The Graphic newspaper’s 1887 feature of an elephant on a velocipede tricycle reflected the popularity of this dynamic new form of juvenile transportation. At first merely considered one more unnecessary toy for rich families to buy their children, by 1887, with the overnight success of the new safety bicycle, it was realised that kids who grew up pedalling would become the next generation of cyclists. Girls were encouraged to ride the more sedate ’tiller and treadle’ tricycles, while boys, who, of course, wished to ride as fast as they could, were set up with velocipede tricycles. The pair of tricycles featured were typical mounts of brother and sister.
c1899 Velocipede Tricycle
20″ Front Wheel
14″ Rear Wheels
36″ long; 22″ wide; 30″ high’ 18″ wide handlebars
There are two interesting features on this velocipede tricycle: one is the way the saddle support curves around and under the backbone.
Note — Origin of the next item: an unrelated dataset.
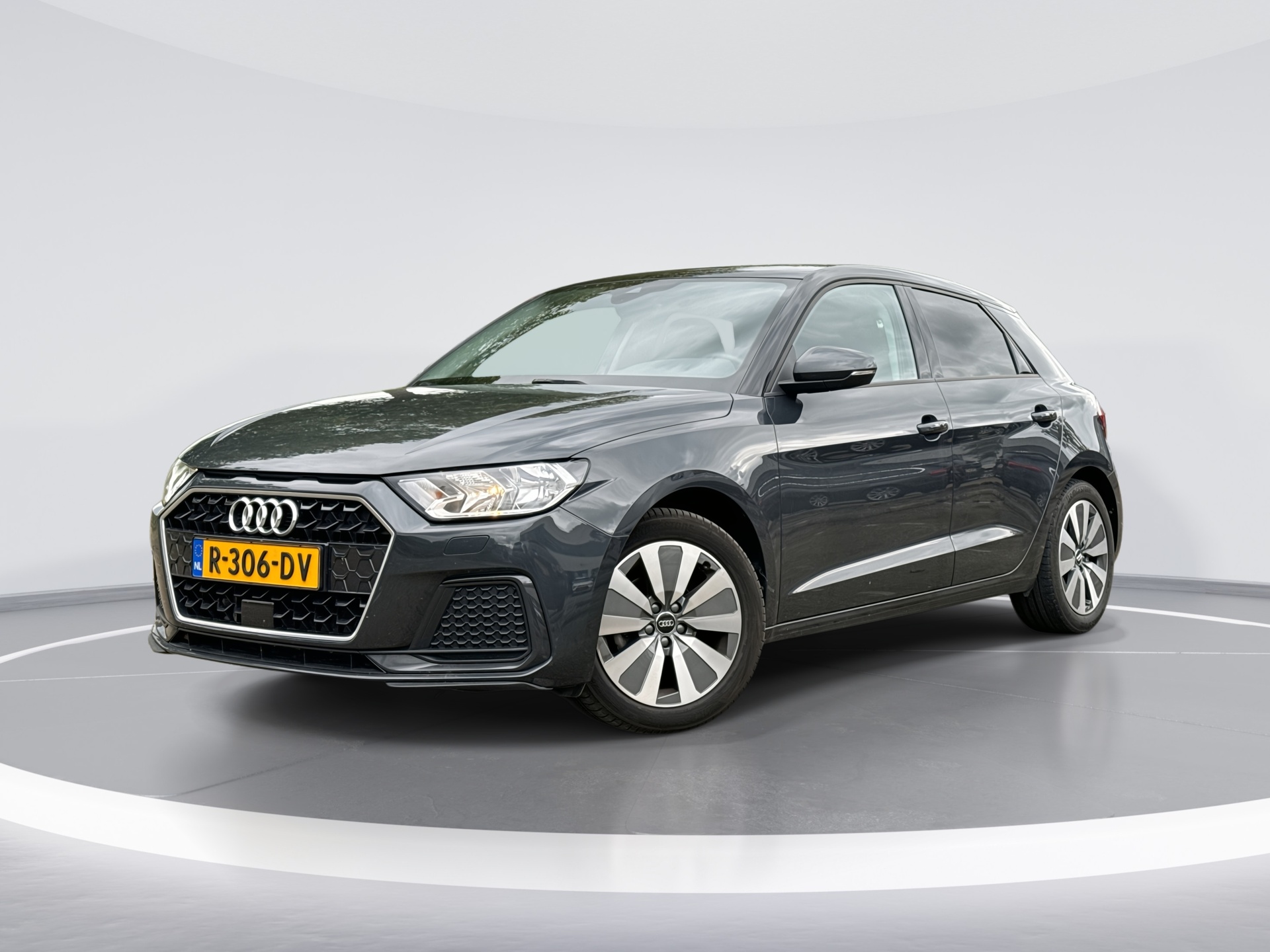 Audi A1 Sportback 25 TFSI Pro Line S 2021 - voorkant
It’s both ascetically pleasing and a practical form of springing. You can see a period photograph below with a similar curved spring.
The other feature even more remarkable for a Victorian tricycle is the original red paint that has survived intact into the 21st century. Even the saddle is original. Only two parts have been replaced: the spokes on the left rear wheel, and one of the handlebar grips.
What sets a quality bicycle apart from the pack is the flourish of its design. The superb curves of the backbone as it sweeps down to the rear wheels reveal this example to be an expensive machine, such style appealing not to the child who will ride it, but the parent who will choose it. Observe, by comparison, the much more utilitarian tricycles in the photographs.